● Stored data entries
Content starts

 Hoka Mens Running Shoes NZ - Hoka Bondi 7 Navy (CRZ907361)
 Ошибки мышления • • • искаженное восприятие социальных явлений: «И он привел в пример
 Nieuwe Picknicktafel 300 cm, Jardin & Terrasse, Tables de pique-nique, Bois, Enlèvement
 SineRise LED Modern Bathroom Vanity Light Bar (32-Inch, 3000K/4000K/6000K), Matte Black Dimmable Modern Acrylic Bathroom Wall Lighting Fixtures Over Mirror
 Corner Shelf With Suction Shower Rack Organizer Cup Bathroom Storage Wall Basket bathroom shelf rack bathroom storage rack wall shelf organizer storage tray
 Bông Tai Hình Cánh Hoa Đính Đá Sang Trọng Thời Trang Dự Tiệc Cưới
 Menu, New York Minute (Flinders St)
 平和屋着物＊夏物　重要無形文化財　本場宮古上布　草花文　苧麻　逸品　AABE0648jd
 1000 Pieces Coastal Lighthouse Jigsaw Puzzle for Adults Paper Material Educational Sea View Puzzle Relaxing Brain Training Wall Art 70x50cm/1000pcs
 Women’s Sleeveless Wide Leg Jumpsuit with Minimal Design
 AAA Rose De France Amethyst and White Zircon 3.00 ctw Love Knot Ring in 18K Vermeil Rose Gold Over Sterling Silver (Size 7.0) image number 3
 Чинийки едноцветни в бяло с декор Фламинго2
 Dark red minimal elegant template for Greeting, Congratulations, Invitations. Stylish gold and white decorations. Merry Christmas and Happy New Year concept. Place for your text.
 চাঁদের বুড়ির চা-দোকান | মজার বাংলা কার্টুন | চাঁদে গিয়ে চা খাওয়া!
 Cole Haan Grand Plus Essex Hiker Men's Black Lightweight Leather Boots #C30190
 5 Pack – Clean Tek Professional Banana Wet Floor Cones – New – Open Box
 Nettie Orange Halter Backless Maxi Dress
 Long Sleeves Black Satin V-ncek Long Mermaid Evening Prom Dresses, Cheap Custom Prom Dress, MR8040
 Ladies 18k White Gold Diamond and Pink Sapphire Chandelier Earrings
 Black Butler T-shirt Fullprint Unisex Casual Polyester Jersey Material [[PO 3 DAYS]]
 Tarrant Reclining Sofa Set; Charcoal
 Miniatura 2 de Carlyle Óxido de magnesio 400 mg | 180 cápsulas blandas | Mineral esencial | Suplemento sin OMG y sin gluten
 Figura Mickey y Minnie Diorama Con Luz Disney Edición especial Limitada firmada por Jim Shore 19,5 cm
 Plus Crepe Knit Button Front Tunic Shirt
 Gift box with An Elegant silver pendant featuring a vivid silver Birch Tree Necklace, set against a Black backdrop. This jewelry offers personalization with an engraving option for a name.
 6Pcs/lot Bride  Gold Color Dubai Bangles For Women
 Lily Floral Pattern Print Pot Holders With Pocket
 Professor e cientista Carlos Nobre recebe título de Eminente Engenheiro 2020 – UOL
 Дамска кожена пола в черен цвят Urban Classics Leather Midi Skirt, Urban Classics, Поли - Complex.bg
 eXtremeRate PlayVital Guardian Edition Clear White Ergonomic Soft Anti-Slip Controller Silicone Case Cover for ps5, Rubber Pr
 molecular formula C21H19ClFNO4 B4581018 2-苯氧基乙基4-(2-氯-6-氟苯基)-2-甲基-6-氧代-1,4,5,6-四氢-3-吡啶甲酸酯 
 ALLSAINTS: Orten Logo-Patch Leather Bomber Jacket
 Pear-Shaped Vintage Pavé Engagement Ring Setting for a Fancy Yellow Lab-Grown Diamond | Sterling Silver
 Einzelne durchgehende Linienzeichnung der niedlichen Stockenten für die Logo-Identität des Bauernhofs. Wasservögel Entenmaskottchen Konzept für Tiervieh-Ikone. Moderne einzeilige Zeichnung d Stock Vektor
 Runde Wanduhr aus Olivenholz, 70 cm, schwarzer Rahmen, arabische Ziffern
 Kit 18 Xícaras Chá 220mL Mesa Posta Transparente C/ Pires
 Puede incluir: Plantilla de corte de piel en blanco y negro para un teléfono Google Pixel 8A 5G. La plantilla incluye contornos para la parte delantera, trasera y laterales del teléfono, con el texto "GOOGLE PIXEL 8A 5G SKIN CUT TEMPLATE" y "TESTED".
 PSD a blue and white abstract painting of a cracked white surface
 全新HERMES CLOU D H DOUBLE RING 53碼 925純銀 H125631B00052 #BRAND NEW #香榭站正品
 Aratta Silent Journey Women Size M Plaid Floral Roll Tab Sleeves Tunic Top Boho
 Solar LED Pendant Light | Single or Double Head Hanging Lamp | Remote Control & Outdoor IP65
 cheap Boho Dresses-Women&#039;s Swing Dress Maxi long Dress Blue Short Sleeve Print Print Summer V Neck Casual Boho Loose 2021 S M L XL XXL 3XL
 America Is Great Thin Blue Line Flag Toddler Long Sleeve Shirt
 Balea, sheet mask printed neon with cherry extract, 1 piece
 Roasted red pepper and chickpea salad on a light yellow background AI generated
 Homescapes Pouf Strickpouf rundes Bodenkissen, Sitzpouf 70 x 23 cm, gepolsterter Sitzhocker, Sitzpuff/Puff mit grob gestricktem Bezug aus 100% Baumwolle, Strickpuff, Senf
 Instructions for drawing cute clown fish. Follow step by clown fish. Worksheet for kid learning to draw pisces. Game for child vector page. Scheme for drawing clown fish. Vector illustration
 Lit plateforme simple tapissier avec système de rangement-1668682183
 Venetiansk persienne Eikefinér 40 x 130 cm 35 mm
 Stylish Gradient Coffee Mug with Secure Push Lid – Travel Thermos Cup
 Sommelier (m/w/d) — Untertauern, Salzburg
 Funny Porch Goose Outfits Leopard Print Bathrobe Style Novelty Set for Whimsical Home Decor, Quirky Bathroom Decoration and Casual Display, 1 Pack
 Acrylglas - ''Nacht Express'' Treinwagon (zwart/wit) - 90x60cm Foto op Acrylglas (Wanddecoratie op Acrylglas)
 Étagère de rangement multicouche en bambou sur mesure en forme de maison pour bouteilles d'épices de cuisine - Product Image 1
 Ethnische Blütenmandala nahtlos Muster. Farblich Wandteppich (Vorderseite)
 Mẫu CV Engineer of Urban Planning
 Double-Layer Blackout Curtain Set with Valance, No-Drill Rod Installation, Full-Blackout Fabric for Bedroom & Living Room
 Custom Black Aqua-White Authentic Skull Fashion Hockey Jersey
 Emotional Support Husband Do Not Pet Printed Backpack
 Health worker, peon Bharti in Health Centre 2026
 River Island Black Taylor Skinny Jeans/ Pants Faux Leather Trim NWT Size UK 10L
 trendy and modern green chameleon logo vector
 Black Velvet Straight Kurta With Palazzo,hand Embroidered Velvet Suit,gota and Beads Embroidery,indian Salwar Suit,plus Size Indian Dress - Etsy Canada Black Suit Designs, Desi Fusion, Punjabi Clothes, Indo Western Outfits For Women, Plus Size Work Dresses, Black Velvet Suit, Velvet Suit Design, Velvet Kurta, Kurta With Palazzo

Content ends

Would you please write the entries out again in full, exactly as given?

 Hoka Mens Running Shoes NZ - Hoka Bondi 7 Navy (CRZ907361)
 Ошибки мышления • • • искаженное восприятие социальных явлений: «И он привел в пример
 Nieuwe Picknicktafel 300 cm, Jardin & Terrasse, Tables de pique-nique, Bois, Enlèvement
 SineRise LED Modern Bathroom Vanity Light Bar (32-Inch, 3000K/4000K/6000K), Matte Black Dimmable Modern Acrylic Bathroom Wall Lighting Fixtures Over Mirror
 Corner Shelf With Suction Shower Rack Organizer Cup Bathroom Storage Wall Basket bathroom shelf rack bathroom storage rack wall shelf organizer storage tray
 Bông Tai Hình Cánh Hoa Đính Đá Sang Trọng Thời Trang Dự Tiệc Cưới
 Menu, New York Minute (Flinders St)
 平和屋着物＊夏物　重要無形文化財　本場宮古上布　草花文　苧麻　逸品　AABE0648jd
 1000 Pieces Coastal Lighthouse Jigsaw Puzzle for Adults Paper Material Educational Sea View Puzzle Relaxing Brain Training Wall Art 70x50cm/1000pcs
 Women’s Sleeveless Wide Leg Jumpsuit with Minimal Design
 AAA Rose De France Amethyst and White Zircon 3.00 ctw Love Knot Ring in 18K Vermeil Rose Gold Over Sterling Silver (Size 7.0) image number 3
 Чинийки едноцветни в бяло с декор Фламинго2
 Dark red minimal elegant template for Greeting, Congratulations, Invitations. Stylish gold and white decorations. Merry Christmas and Happy New Year concept. Place for your text.
 চাঁদের বুড়ির চা-দোকান | মজার বাংলা কার্টুন | চাঁদে গিয়ে চা খাওয়া!
 Cole Haan Grand Plus Essex Hiker Men's Black Lightweight Leather Boots #C30190
 5 Pack – Clean Tek Professional Banana Wet Floor Cones – New – Open Box
 Nettie Orange Halter Backless Maxi Dress
 Long Sleeves Black Satin V-ncek Long Mermaid Evening Prom Dresses, Cheap Custom Prom Dress, MR8040
 Ladies 18k White Gold Diamond and Pink Sapphire Chandelier Earrings
 Black Butler T-shirt Fullprint Unisex Casual Polyester Jersey Material [[PO 3 DAYS]]
 Tarrant Reclining Sofa Set; Charcoal
 Miniatura 2 de Carlyle Óxido de magnesio 400 mg | 180 cápsulas blandas | Mineral esencial | Suplemento sin OMG y sin gluten
 Figura Mickey y Minnie Diorama Con Luz Disney Edición especial Limitada firmada por Jim Shore 19,5 cm
 Plus Crepe Knit Button Front Tunic Shirt
 Gift box with An Elegant silver pendant featuring a vivid silver Birch Tree Necklace, set against a Black backdrop. This jewelry offers personalization with an engraving option for a name.
 6Pcs/lot Bride  Gold Color Dubai Bangles For Women
 Lily Floral Pattern Print Pot Holders With Pocket
 Professor e cientista Carlos Nobre recebe título de Eminente Engenheiro 2020 – UOL
 Дамска кожена пола в черен цвят Urban Classics Leather Midi Skirt, Urban Classics, Поли - Complex.bg
 eXtremeRate PlayVital Guardian Edition Clear White Ergonomic Soft Anti-Slip Controller Silicone Case Cover for ps5, Rubber Pr
 molecular formula C21H19ClFNO4 B4581018 2-苯氧基乙基4-(2-氯-6-氟苯基)-2-甲基-6-氧代-1,4,5,6-四氢-3-吡啶甲酸酯 
 ALLSAINTS: Orten Logo-Patch Leather Bomber Jacket
 Pear-Shaped Vintage Pavé Engagement Ring Setting for a Fancy Yellow Lab-Grown Diamond | Sterling Silver
 Einzelne durchgehende Linienzeichnung der niedlichen Stockenten für die Logo-Identität des Bauernhofs. Wasservögel Entenmaskottchen Konzept für Tiervieh-Ikone. Moderne einzeilige Zeichnung d Stock Vektor
 Runde Wanduhr aus Olivenholz, 70 cm, schwarzer Rahmen, arabische Ziffern
 Kit 18 Xícaras Chá 220mL Mesa Posta Transparente C/ Pires
 Puede incluir: Plantilla de corte de piel en blanco y negro para un teléfono Google Pixel 8A 5G. La plantilla incluye contornos para la parte delantera, trasera y laterales del teléfono, con el texto "GOOGLE PIXEL 8A 5G SKIN CUT TEMPLATE" y "TESTED".
 PSD a blue and white abstract painting of a cracked white surface
 全新HERMES CLOU D H DOUBLE RING 53碼 925純銀 H125631B00052 #BRAND NEW #香榭站正品
 Aratta Silent Journey Women Size M Plaid Floral Roll Tab Sleeves Tunic Top Boho
 Solar LED Pendant Light | Single or Double Head Hanging Lamp | Remote Control & Outdoor IP65
 cheap Boho Dresses-Women&#039;s Swing Dress Maxi long Dress Blue Short Sleeve Print Print Summer V Neck Casual Boho Loose 2021 S M L XL XXL 3XL
 America Is Great Thin Blue Line Flag Toddler Long Sleeve Shirt
 Balea, sheet mask printed neon with cherry extract, 1 piece
 Roasted red pepper and chickpea salad on a light yellow background AI generated
 Homescapes Pouf Strickpouf rundes Bodenkissen, Sitzpouf 70 x 23 cm, gepolsterter Sitzhocker, Sitzpuff/Puff mit grob gestricktem Bezug aus 100% Baumwolle, Strickpuff, Senf
 Instructions for drawing cute clown fish. Follow step by clown fish. Worksheet for kid learning to draw pisces. Game for child vector page. Scheme for drawing clown fish. Vector illustration
 Lit plateforme simple tapissier avec système de rangement-1668682183
 Venetiansk persienne Eikefinér 40 x 130 cm 35 mm
 Stylish Gradient Coffee Mug with Secure Push Lid – Travel Thermos Cup
 Sommelier (m/w/d) — Untertauern, Salzburg
 Funny Porch Goose Outfits Leopard Print Bathrobe Style Novelty Set for Whimsical Home Decor, Quirky Bathroom Decoration and Casual Display, 1 Pack
 Acrylglas - ''Nacht Express'' Treinwagon (zwart/wit) - 90x60cm Foto op Acrylglas (Wanddecoratie op Acrylglas)
 Étagère de rangement multicouche en bambou sur mesure en forme de maison pour bouteilles d'épices de cuisine - Product Image 1
 Ethnische Blütenmandala nahtlos Muster. Farblich Wandteppich (Vorderseite)
 Mẫu CV Engineer of Urban Planning
 Double-Layer Blackout Curtain Set with Valance, No-Drill Rod Installation, Full-Blackout Fabric for Bedroom & Living Room
 Custom Black Aqua-White Authentic Skull Fashion Hockey Jersey
 Emotional Support Husband Do Not Pet Printed Backpack
 Health worker, peon Bharti in Health Centre 2026
 River Island Black Taylor Skinny Jeans/ Pants Faux Leather Trim NWT Size UK 10L
 trendy and modern green chameleon logo vector
 Black Velvet Straight Kurta With Palazzo,hand Embroidered Velvet Suit,gota and Beads Embroidery,indian Salwar Suit,plus Size Indian Dress - Etsy Canada Black Suit Designs, Desi Fusion, Punjabi Clothes, Indo Western Outfits For Women, Plus Size Work Dresses, Black Velvet Suit, Velvet Suit Design, Velvet Kurta, Kurta With Palazzo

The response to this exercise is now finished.